There could be clues, however, in other calls that Delaware Grapevine has learned Atkins made. He telephoned downstate judges about his case, apparently probing for justification to challenge his sentence because he considered even the counseling and the probation to be an imposition on his life as a legislator. The judges were proper judges, and the calls got Atkins nowhere.

Atkins also mentioned the terms of his sentence while meeting with Danberg -- at a time when Danberg was expected to be nominated as corrections commissioner, supervising the probation system. Danberg brushed him off.

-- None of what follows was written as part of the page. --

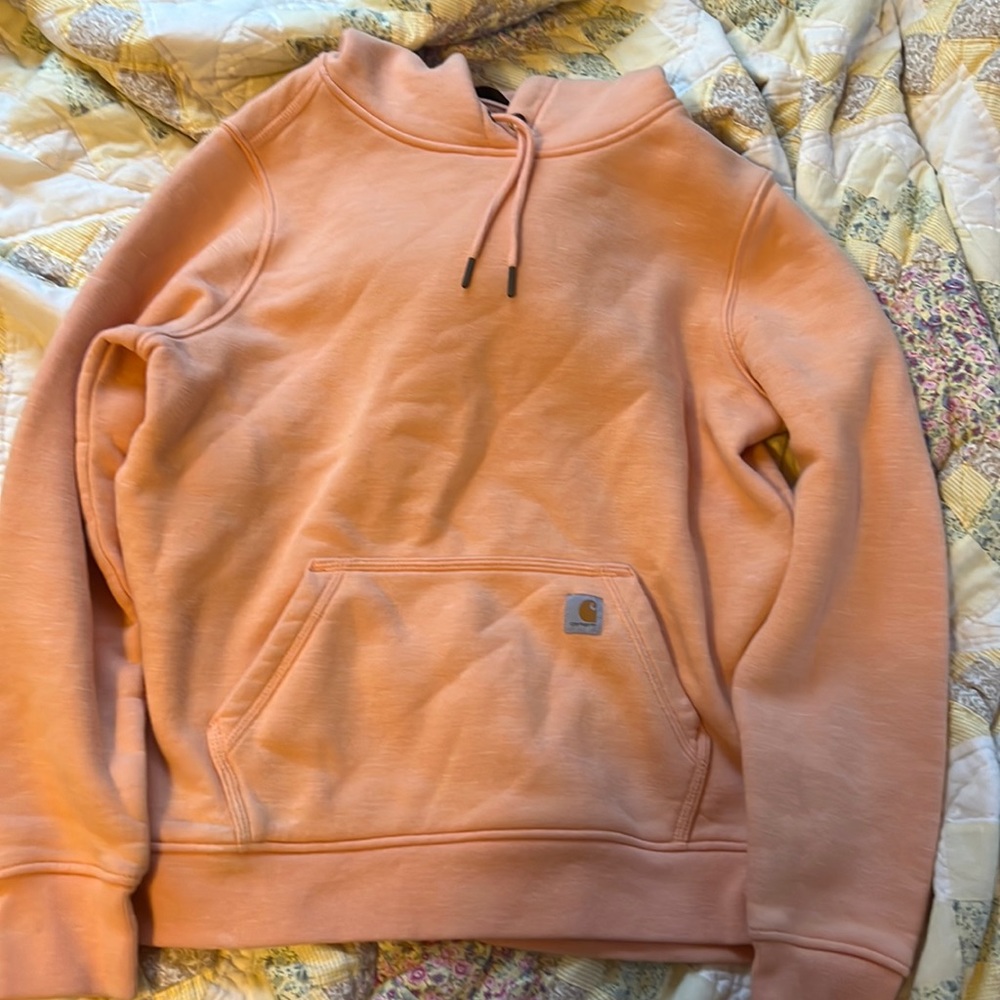 Size L Carhartt hoodie, fits like a medium! Lightly worn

With the calls to the judges, Atkins earned the Triple Crown for pushing, pushing, pushing the system by burdening all three branches of government about his travails.

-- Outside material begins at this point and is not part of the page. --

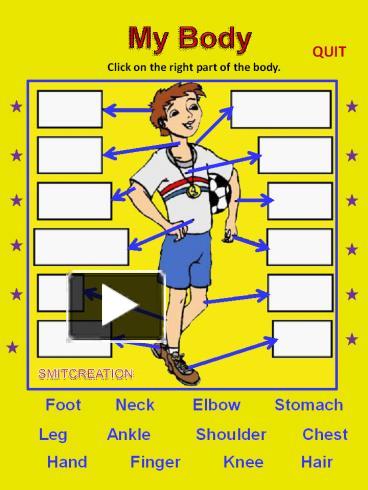 Presentation body picture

He got to the executive branch with Danberg. In the bifurcated legislative branch, the House Ethics Committee is looking into Atkins' conduct, and the Senate Executive Committee asked Danberg to elaborate about his meeting with Atkins. The calls to the judges dragged in the judicial branch.

As the House Ethics Committee launched its inquiry this week, Atkins switched lawyers -- jettisoning Brady to end his murky role as both House counsel and Atkins' private attorney. Brady is not participating in the committee's work.

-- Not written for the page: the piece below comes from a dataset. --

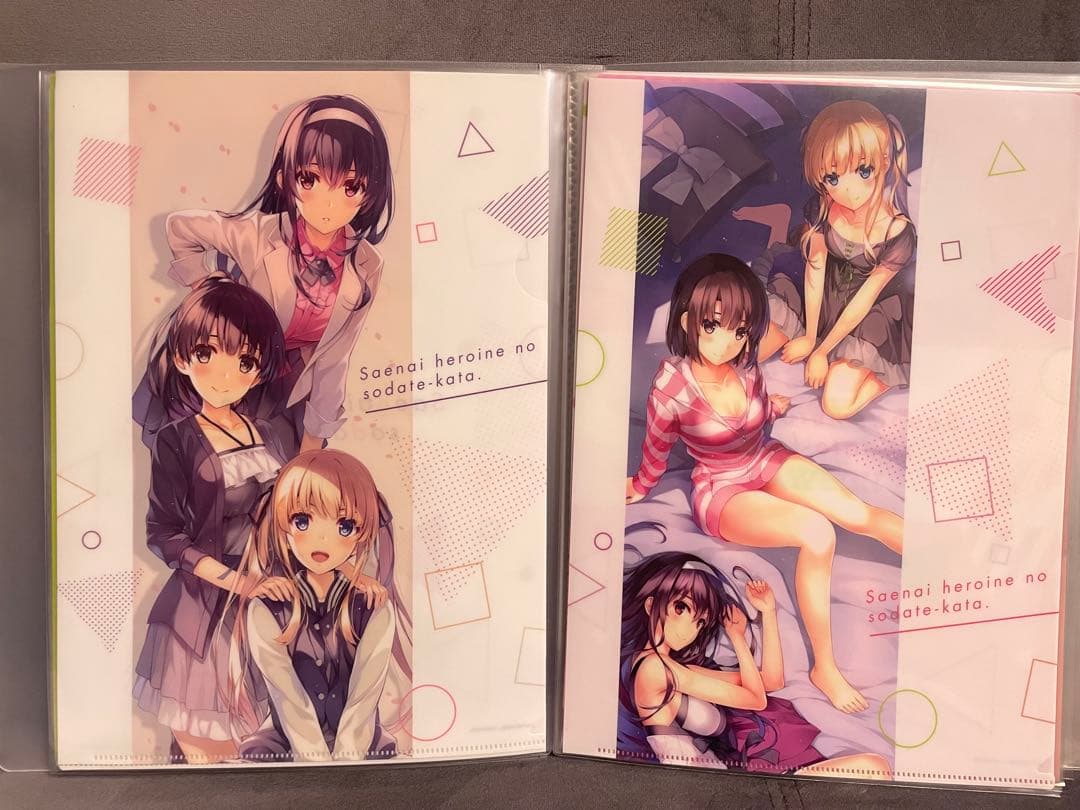 選択可能】冴えない彼女の育て方 クリアファイル(購入希望金額コメント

Atkins' new lawyer is Charles M. Oberly III, once a three-term Democratic attorney general, now in private practice. Oberly has the right experience. His last troubled celebrity client was Thomas J. Capano with his lethal combination of charm and violence.

Oberly's assignment appears to be limiting the Ethics Committee's scope to what could be construed as Atkins' only official act -- displaying his legislative identification card in Maryland to the Ocean City police officers who let him go without arresting him for speeding or drunken driving in the hours before his fight with his wife.

Oberly wants the committee's five members -- three from the majority Republican and two from the Democratic minority leadership -- to focus on whether or not Atkins took advantage of his office that night and to leave alone the fight with his wife. "They probably need to draw some line," Oberly said.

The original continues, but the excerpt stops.